The Python library geoextent by the o2r project team was selected for presentation at the 2021 EarthCube annual meeting in the peer-reviewed notebooks session. In this blog post, student assistant Sebastian reports from the event.
geoextent presented at the 2021 EarthCube
Notebooks as a scholarly object, database interoperability, FAIR workflows, connecting data and code, and tools for geosciences research are some of the topics discussed at the 2021 EarthCube annual meeting. At the event, o2r team members Sebastian and Daniel presented geoextent, a Python library designed to extract temporal and spatial extent from data files.
We presented the librry as part of the 2nd call for Notebooks for a digital proceedings of the EarthCube annual meeting following the increased interest of the geosciences research community on reproducible workflows.
Exploring research data repositories with geoextent
The notebook, accessible through Binder, includes an introduction of geoextent’s usage and a case study where we explored more than 300 Zenodo repositories (over 25.000 files!) with geoextent. An initial exploration of Zenodo’s API showed that spatial metadata is rarely available, difficulting data integration and discovery. The objective of our case study was to verify if we can increase the current percentage of repositories with geospatial information on Zenodo by using geoextent.
Screenshot of presentation showing the current state of spatial metadata in Zenodo
Our results suggest that geoextent could be used to increase spatial metadata of repositories by directly extracting information from the files deposited on them.
However, we identified a series of challenges for this approach including geospatial information being stored in ambiguous formats (e.g., CSV and
.asc files) or incorrectly georeferenced files in specialized formats (e.g., missing coordinate reference system or flipped coordinates).
This case study also provide information for further development of geoextent to support more file formats and fix.

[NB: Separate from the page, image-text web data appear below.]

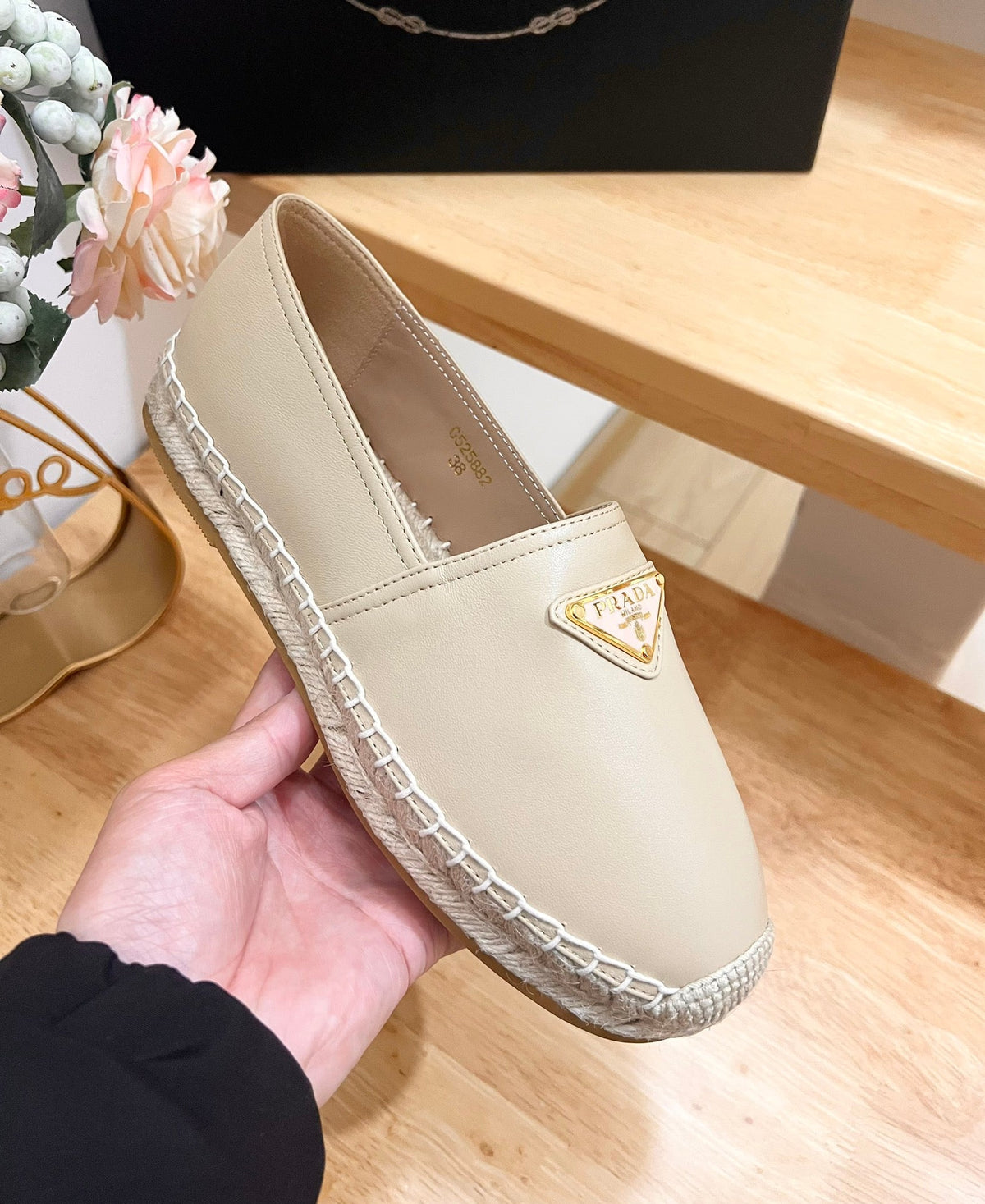 Prada 26s Logo Espadrille Slip On Flats Dark Beige Calfskin
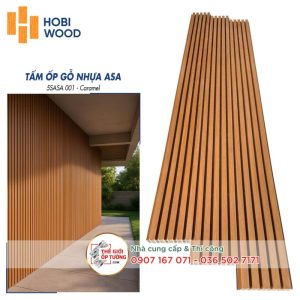 Ốp Gỗ Nhựa Composite Ngoài Trời ASA Hobi Wood Lam 5 sóng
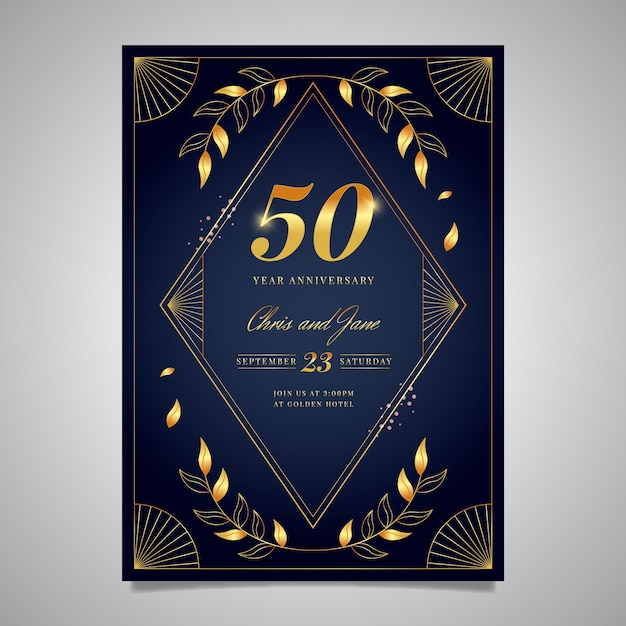 Invitación de aniversario de oro degradado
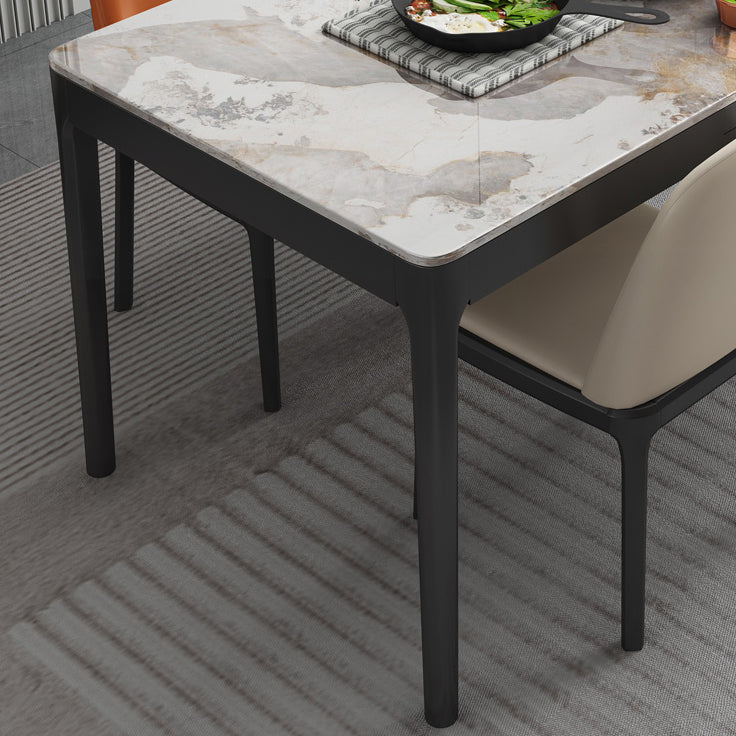 Modern Style 4 Legs Dining Table Three-Color Fixed Table of Sintered Stone Clearhalo ' dining_table' 'Dining Tables & Seating' 'Dining Tables' 'furn' 'furn_dining_table' 'Furniture' 'furniture_dining_table' 'Kitchen & Dining Furniture' 'kitchen&dining_furn' 'kitchen' 'kitchen_dining_table' 3959069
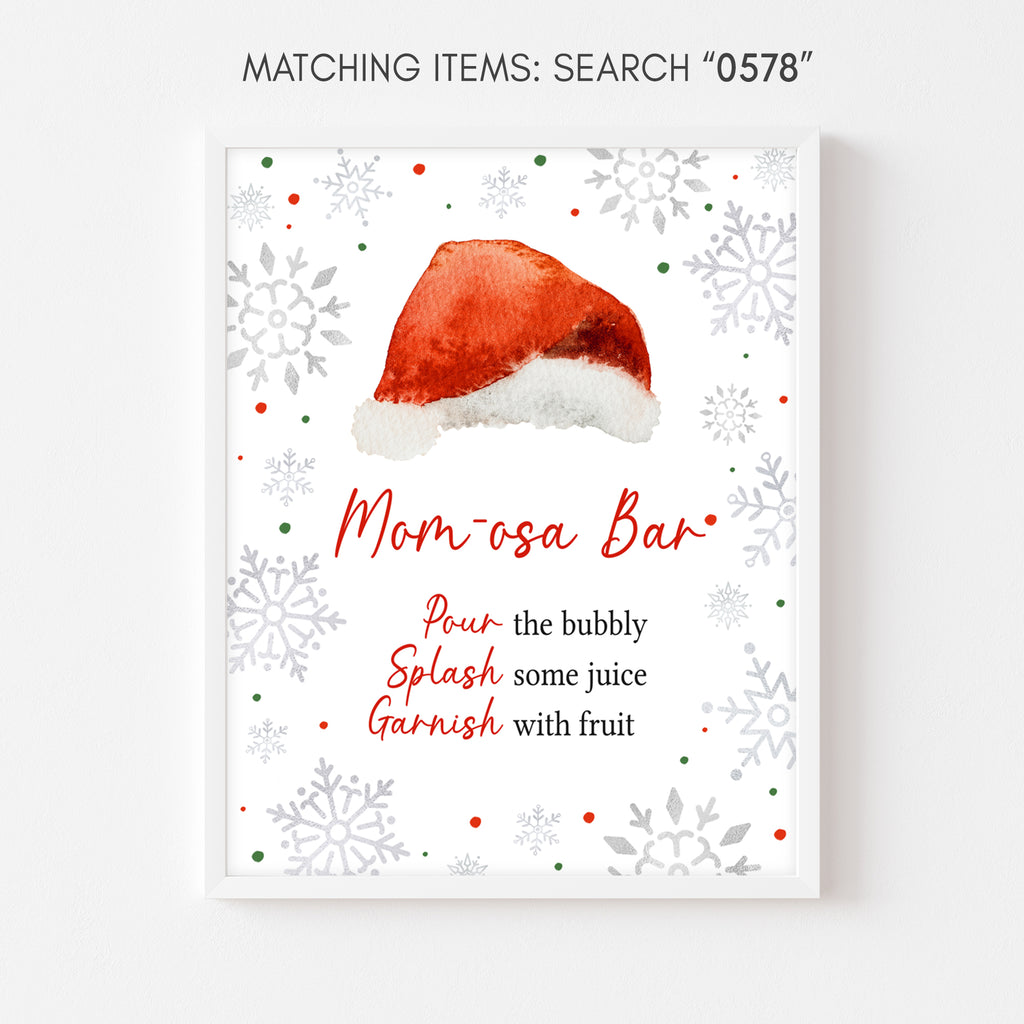 Christmas baby shower mom-osa bar sign with snowflake design, festive gender neutral holiday drink station decoration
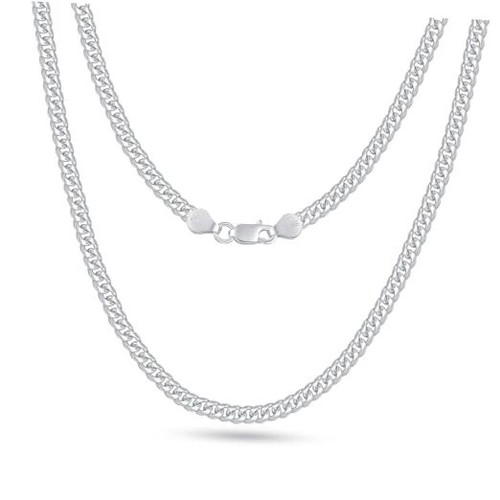 925 Sterling Silver Clasp 3/5/6MM Cuban Link Chain 30 Inches Shiny Silver 5MM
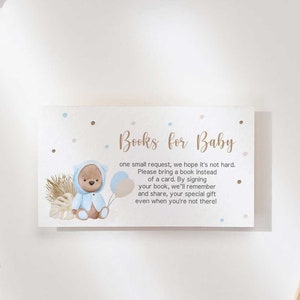 Teddy Bear Baby Boy Shower, Livres pour carte et signe de bébé, Insert d’invitation imprimable, Demande de livre Téléchargement instantané - NP2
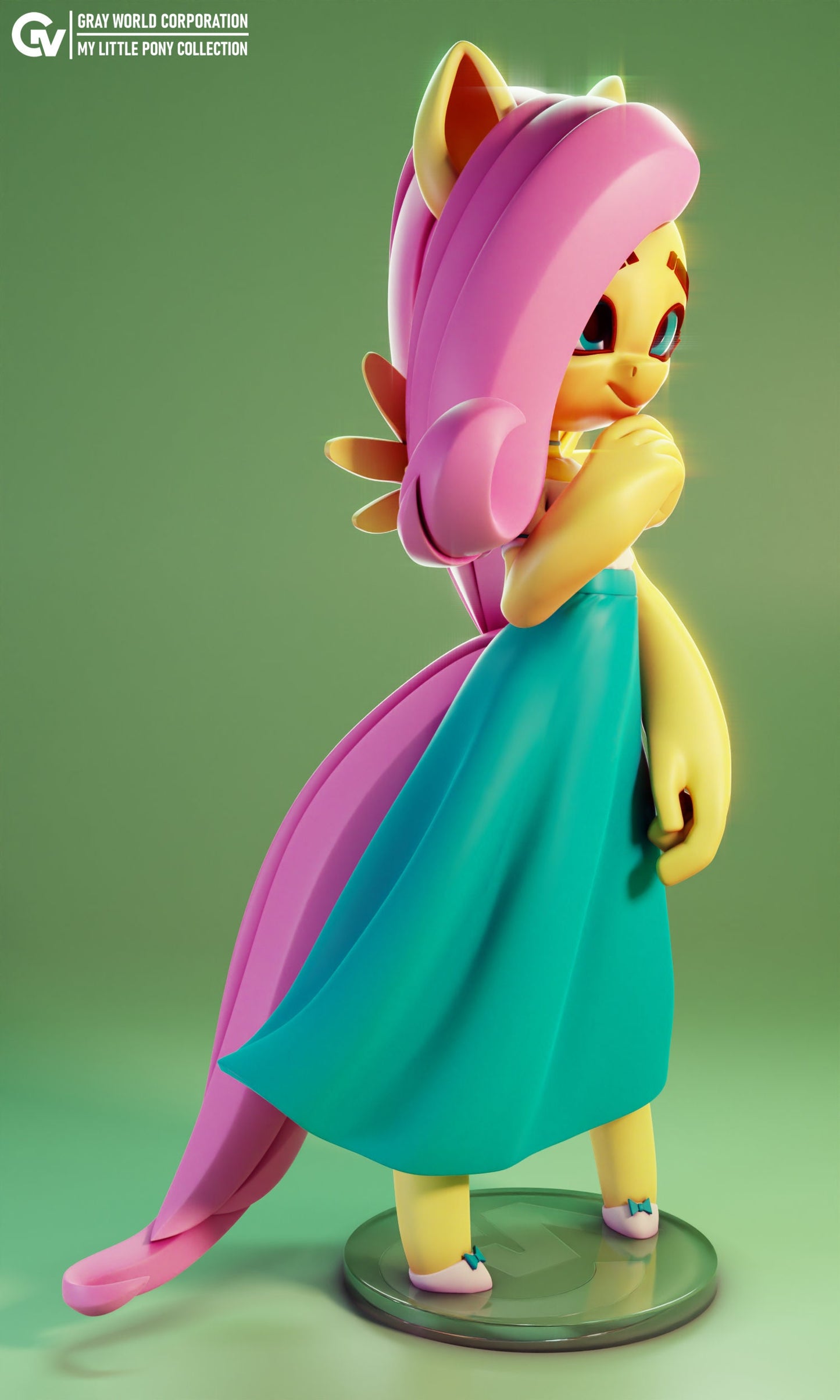 Fluttershy Chibi From MLP - Collectible 3d printed statues - Perfect for Home Decor - Custom Gift and Painted Versions Available!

Screenshot of presentation showing the results of our case study with geoextent
For more information about geoextent you can follow these links:
EarthCube meeting 2021
In addition to presenting geoextent, the participation in the event allowed us to get an insight into notebooks as research objects and scientific publications. Some of the reflections on the evolution of the guidelines, review process, and selected notebooks with respect to the first call were discussed in a panel. In the same panel, representatives of the Jupyter, R Markdown, and Matlab communities presented different tools to share research results and how they could be integrated better within the context of scientific publications.
Among the other 18 accepted notebooks we found interesting tools, for example cf_xarray, used to simplify the usage of Climate and Forecast (CF) compliant datasets by improving the metadata of files , a methodology to access to OpenTopography’s Cloud Optimized GeoTIFF data for topography information or an educational platform to learn about glaciers . All of these studies give us a picture of different geosciences research questions and how they are presented in fully reproducible workflows.